In DMR (Digital Mobile Radio, ETSI TS 102 361), the 4-bit color code is embedded in every TDMA burst within the CACH (Common Announcement Channel) and the embedded signaling field. The receiver checks this code against its programmed value within the first 30 ms of each burst, enabling rapid accept/reject decisions without processing the entire voice or data payload. Since DMR uses two-slot TDMA on each 12.5 kHz channel, each time slot on each frequency can carry a different color code, theoretically doubling the available co-channel discrimination. However, practical DMR deployments typically assign the same color code to both slots on a repeater to simplify network planning.

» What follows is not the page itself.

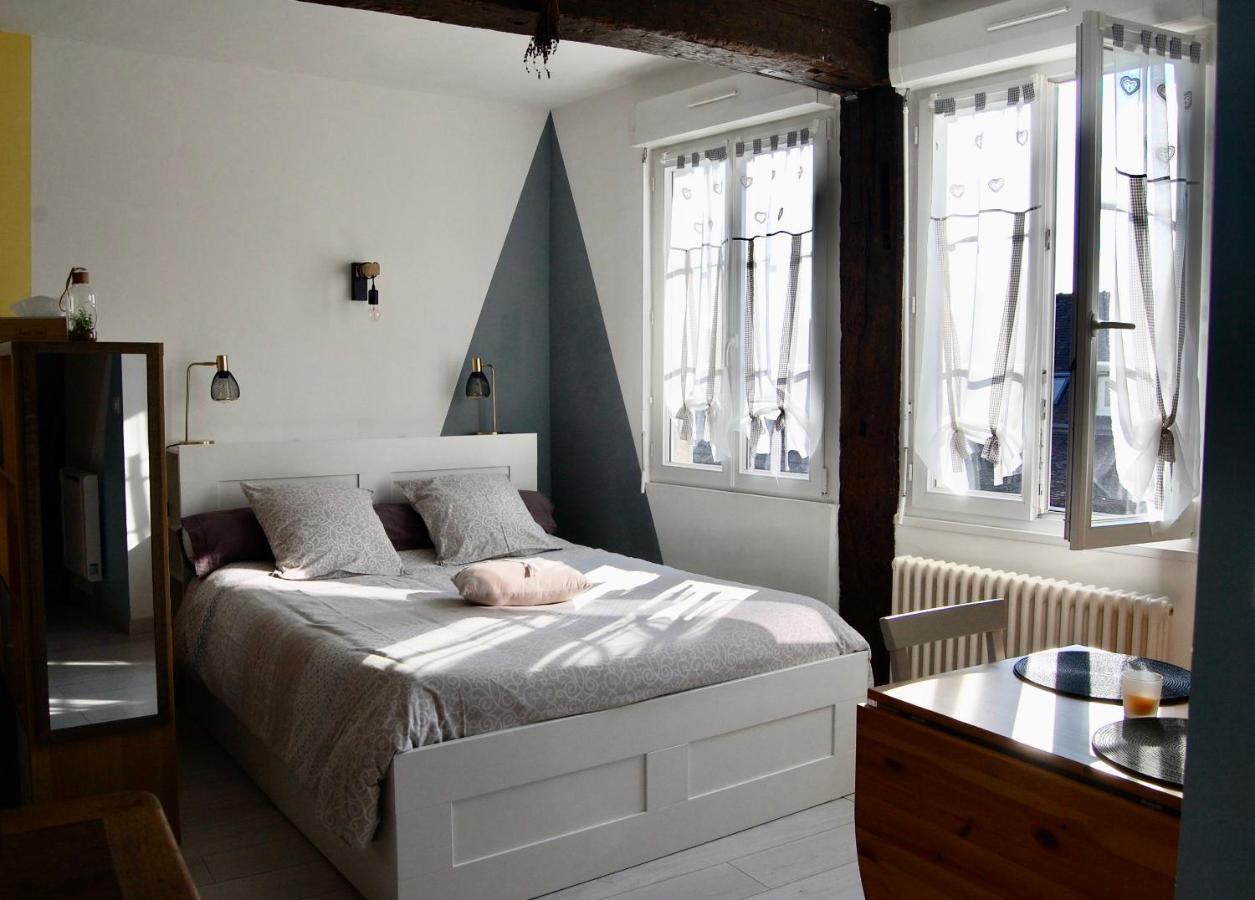 L Imprevu Apartment Chartres Luaran gambar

Digital Squelch System Comparison
42 sub-audible tones (67.0 to 254.1 Hz), transmitted continuously below voice band
DMR Color Code:
4-bit value (0 to 15) in CACH field of every TDMA burst (30 ms decision time)
P25 NAC:
12-bit value (0x000 to 0xFFF) in NID field of HDU/LDU frames
CTCSS provides 42 codes (3 adjacent sites can share same frequency with different tones), DMR provides 16 codes (sufficient for 4-site frequency reuse), P25 provides 4,096 codes (statewide public safety networks without code reuse conflicts).

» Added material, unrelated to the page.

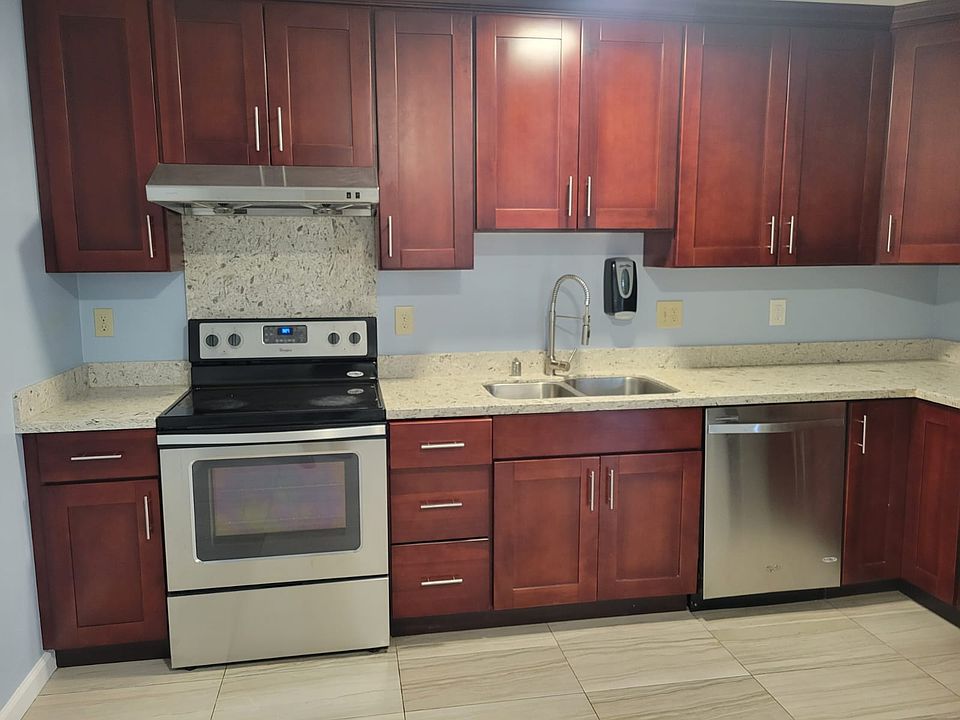1st image of 516 Granger Ter APT 3
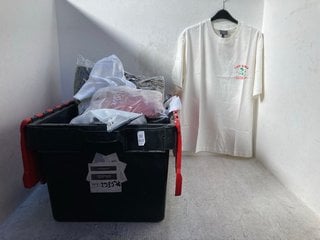 Lot 654  
            Marchington SR13 - Parcel Delivery Only 

                
QTY OF ASSORTED WOMENS CLOTHING - SIZE UK MEDIUM & 12 TO INCLUDE COLLUSION POLKA ...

Co-Channel Identification by Standard
| Standard | Identifier Name | Bit Width | Values | Location in Frame | Typical Use |
|---|---|---|---|---|---|
| DMR (Tier II/III) | Color Code | 4 bits | 0 to 15 | CACH + embedded | Repeater sites |
| P25 Phase 1 | NAC | 12 bits | 0x000 to 0xFFF | NID field | Public safety trunked |
| P25 Phase 2 | NAC | 12 bits | 0x000 to 0xFFF | SACCH/FACCH | TDMA public safety |
| TETRA | Color Code | 6 bits | 0 to 63 | Sync burst | European public safety |
| NXDN | RAN | 6 bits | 0 to 63 | LICH field | Conventional/trunked |
Frequently Asked Questions
How does a color code prevent co-channel interference?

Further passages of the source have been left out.